Furthermore, turbine casings which for installation reasons are not only composed of an upper and a lower turbine casing half but, moreover, are composed of at least two casing sections per turbine casing half, are of particular interest. Such a construction may be explained in more detail as representative of further turbine casing designs based on the example of a low-pressure steam turbine stage, as used for example in combined cycle power plants. Combined cycle power plants are power plants which provide a combined gas turbine and steam turbine cycle, i.e. the hot exhaust gases which issue from the gas turbine unit are used for steam generation and the steam which is generated in the process is used for operating suitable steam turbines stages, for example for operating a low-pressure steam turbine stage in this way. Combined cycle power plants of the above generic type can be taken for example from U.S. Pat. Nos. 5,199,256 or 4,519,207.

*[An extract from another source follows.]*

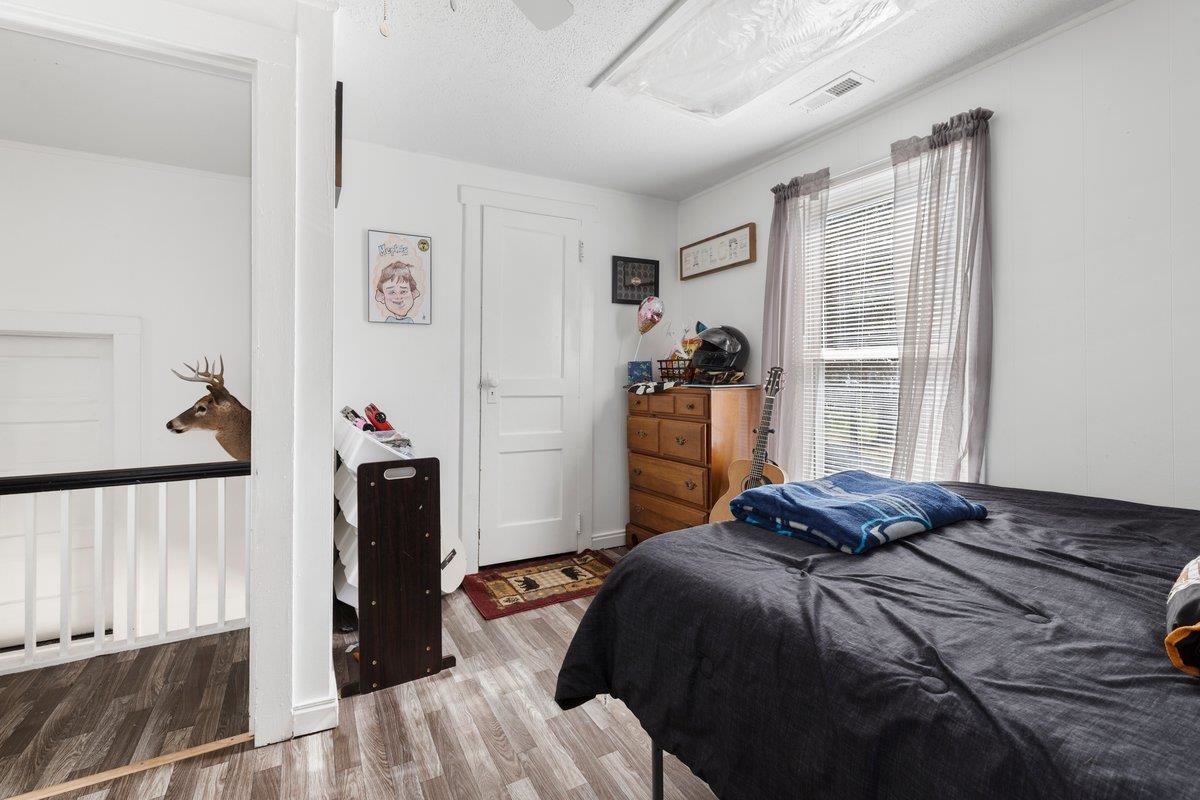 208 Holston Street Narrows VA 24124
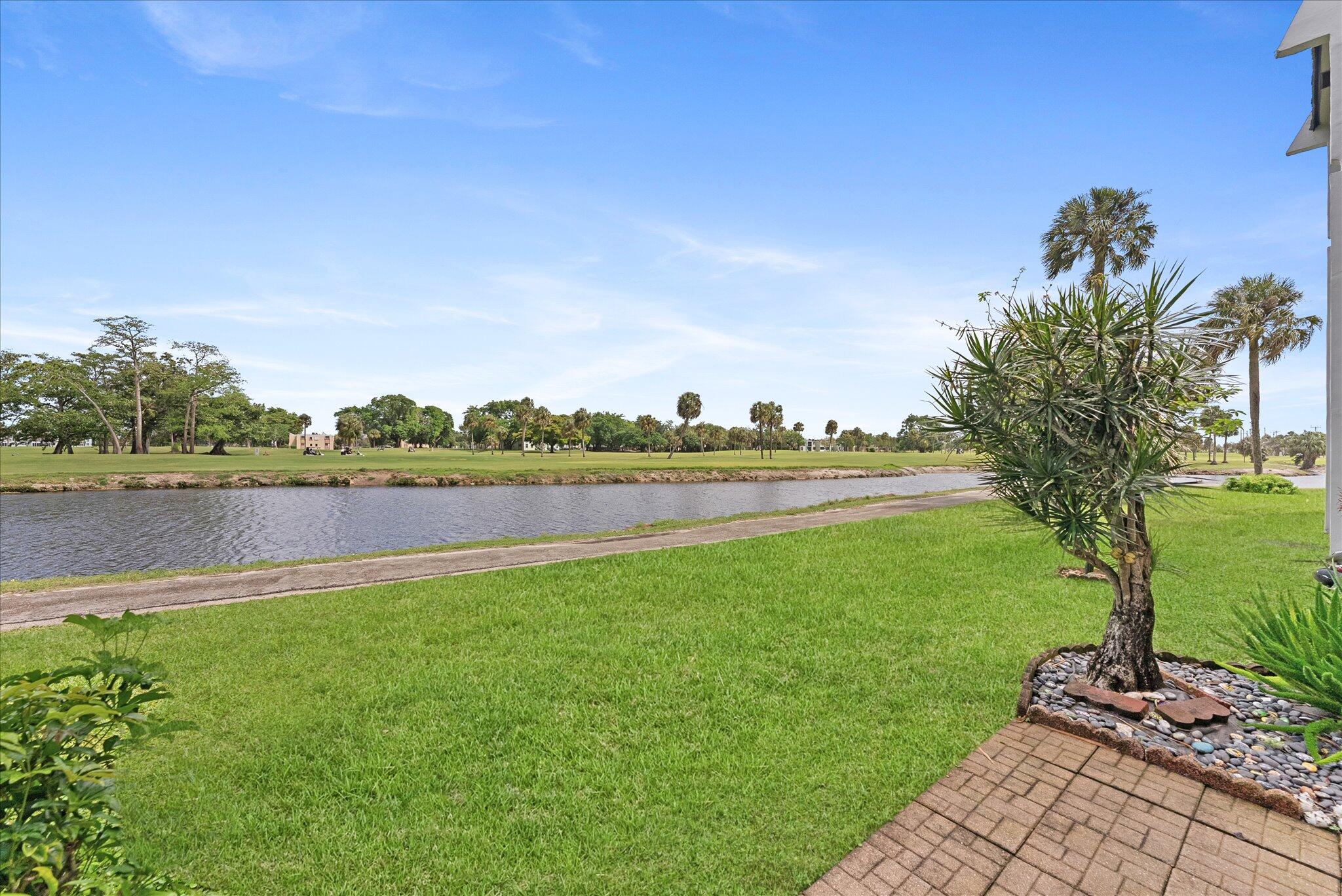 7807 Golf Cir Drive 109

A cross-sectional view through the turbine casing of a typical low-pressure steam turbine is shown in DE 25 03 493 with reference to FIG. 1, which has a turbine casing which is composed of two times three parts. Thus, both the upper and the lower turbine casing half is composed of three casing sections which are axially joined together in each case, of which the center casing section together with an internally-disposed rotor arrangement includes a flow passage which conically widens axially on both sides. A casing end section is axially connected on both sides in each case to the ends of the center casing section, which casing end section is referred to as a blade carrier, particularly as a stator blade row is fastened to this in each case. The two casing end sections, which are axially connected by the face end to the center casing section in each case, are connected in a fixed manner via corresponding connecting constructions to the center casing section. The production of all the individual parts, of which the turbine casing described above is composed, is carried out within the scope of separate casting processes in each case so that each individual component requires a separate casting mold in each case which is used in separate casting processes in each case which are independent of each other. Such a procedure is not only time-intensive, and therefore cost-intensive, but furthermore requires a high-precision reworking of the individual casing sections in order to join them together in an accurately fitting manner to form a uniform turbine casing. The turbine casing of a low-pressure steam turbine is typically enclosed by a further casing, that is to say by the so-called outer casing, as this is described for example in DE 38 37 510 C2.